While one expert points to rising electric vehicle and ‘transportation-as-a-service’ in the U.S. as a possible death knell for the Alberta oil sands, others say, not so fast.
A new study from author and Stanford University lecturer Tony Seba has raised eyebrows in the Canadian oil patch. He forecasts that by 2030, electric vehicles will account for 95% of the miles traveled in the U.S., which is the sole market for Canadian oil exports.
As if that prediction isn’t remarkable enough, Seba said global oil production will fall from 100 million barrels per day (MMbbl/d) to 70 MMbbl/d, which, if true, would possibly devastate the high-cost 2.7 MMbbl/d Alberta oil sands industry.
The trigger for what Seba calls “one of the fastest, deepest, most consequential disruptions of transportation in history” will be the perfection of electric vehicle (EV) self-driving technology. Companies such as Uber and Lyft will buy fleets of autonomous cars and charge users to ride, a business model known as “transportation as a service.”
After more than a century of private auto ownership, families and businesses will give up their cars because transportation costs will simply fall off a cliff, said Seba, who co-authored “Rethinking Transportation 2020-2030: The Disruption of Transportation and the Collapse of the ICE Vehicle and Oil Industries” with Bryan Hansel and James Arbib.
The new way of getting around town will be 4x to 10x cheaper per mile than a new car, and 2x to 4x cheaper than a paid-off vehicle, with the average American household saving a whopping $5,600 annually.
In an interview, Seba said that under the right conditions, he can even foresee “free transportation” supported by advertising revenue: “There is nothing magical about it. This is driven by the economics.”
The economics are that at present, Americans use their vehicles only 4% of the time. The study estimates transportation-as-a-service companies will have their EVs on the road earning money at least 40%—and maybe even 50% to 80%—of the time.
And EVs will seemingly run forever, lasting 500,000 miles while requiring far less maintenance and repair than internal combustion engine (ICE) autos, whose life on average is only 140,000 miles.
“Many automakers are working on million-mile electric vehicles, which drives down costs even lower,” Seba said.
As fewer cars travel more miles, the number of passenger vehicles on American roads will drop from 247 million to 44 million.
Dr. Fred Beach, assistant director for energy and technology policy at the Energy Institute at the University of Texas at Austin, said in an interview that Seba’s basic math works. “In general, I agree with him. All the macro trends he talks about—electrification, autonomous vehicles, ride-sharing—it's the combination of those technology trends and those business model trends that compound one another and raise the potential of a very rapid tipping point,” he said.
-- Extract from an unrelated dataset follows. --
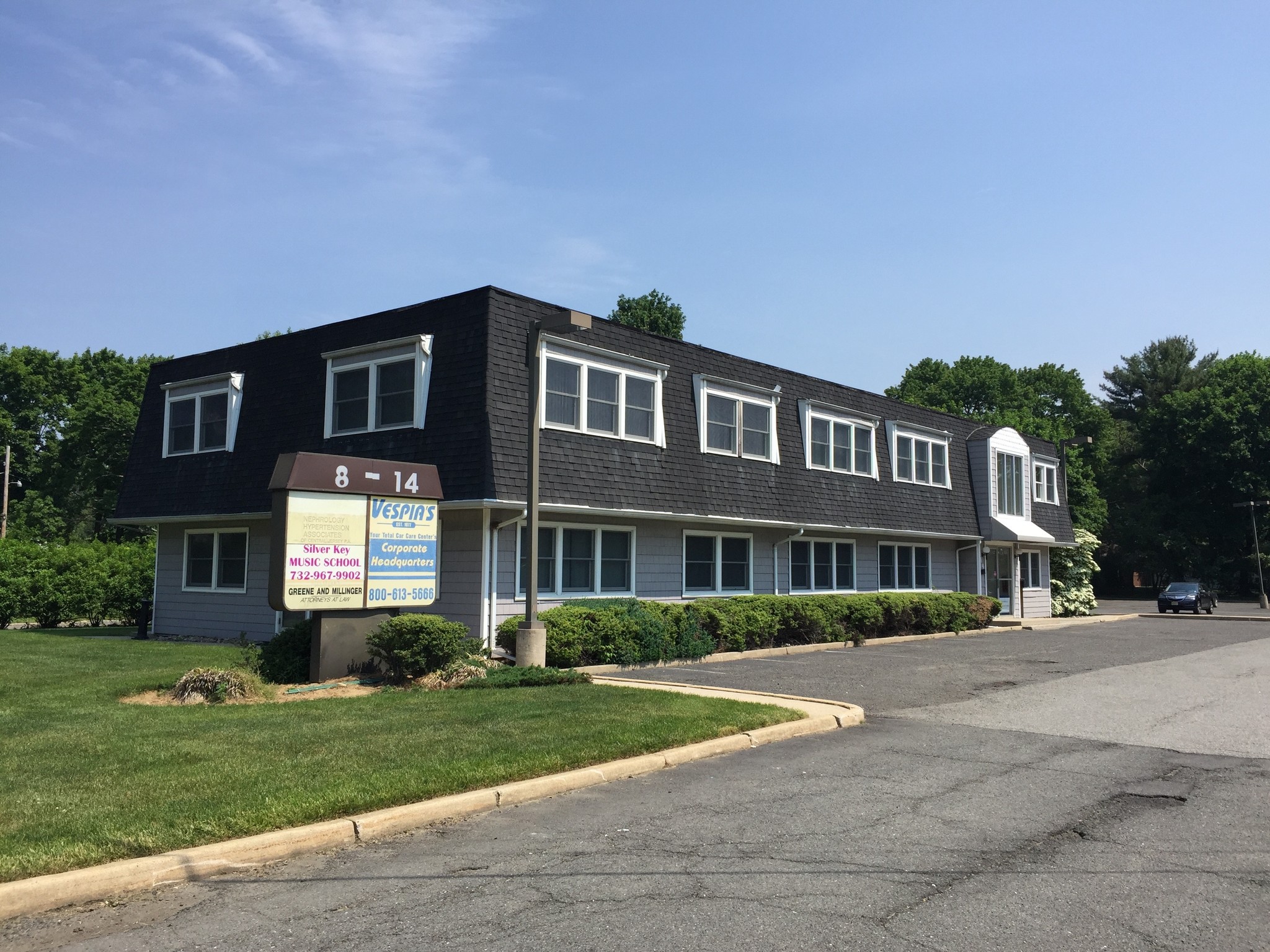 14 Old Bridge Tpke, South River, NJ for lease Building Photo- Image 1 of 8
This is not good news for the Alberta oil sands. Kevin Birns of IHS Markit in Calgary said oil sands in situ production requires $50/bbl to $60/bbl WTI on a full-cycle basis to break even, while mines are above $80/bbl. Costs will likely come down as producers respond to new Alberta government emissions regulations by reducing or replacing steam with solvent in situ operations.
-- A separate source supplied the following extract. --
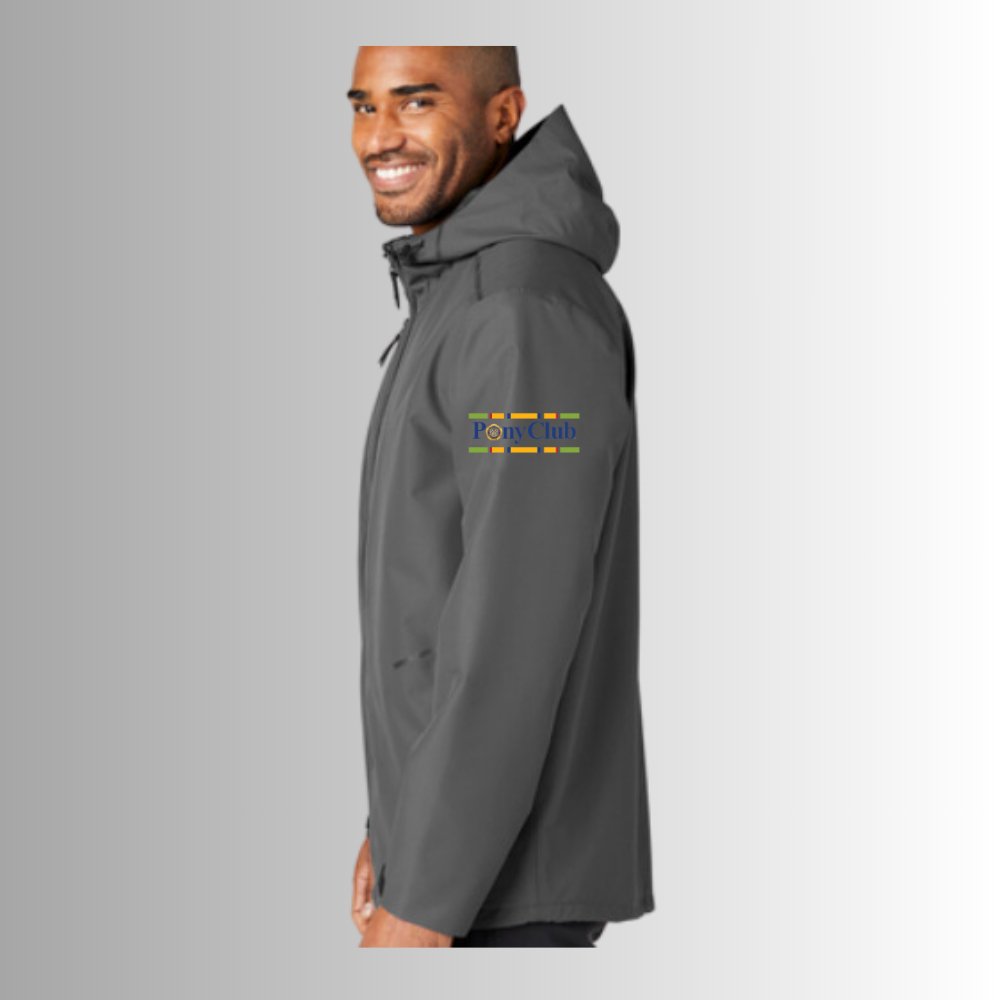PLR Men's *Collective 3-in-1 Jacket System* Outer Shell - Equiclient Apparel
But can the oil sands survive a collapse in demand coupled with fierce competition from low-cost producers like Saudi Arabia?
“New transportation options such as car-sharing, ride-hailing and autonomous cars will change how consumers view and value personal mobility,” Birns wrote in a December 2016 report. “Today, this is probably the greatest uncertainty facing both the automotive and energy industries.”
The silver lining for Alberta oil sands companies is that the highly disruptive future may be much further off than Tony Seba imagines. His model has too many moving parts that must come together for the 2030 forecast to work, said Chris Robinson, analyst at Lux Research in Boston.
“I have an issue with the assumption there will be enough autonomous electric vehicles produced to meet the anticipated need. Automotive companies’ design cycles take 10 years,” he said in an interview.
“It's going to be really challenging for them to start producing and making vehicles in the time frame that this report discusses.”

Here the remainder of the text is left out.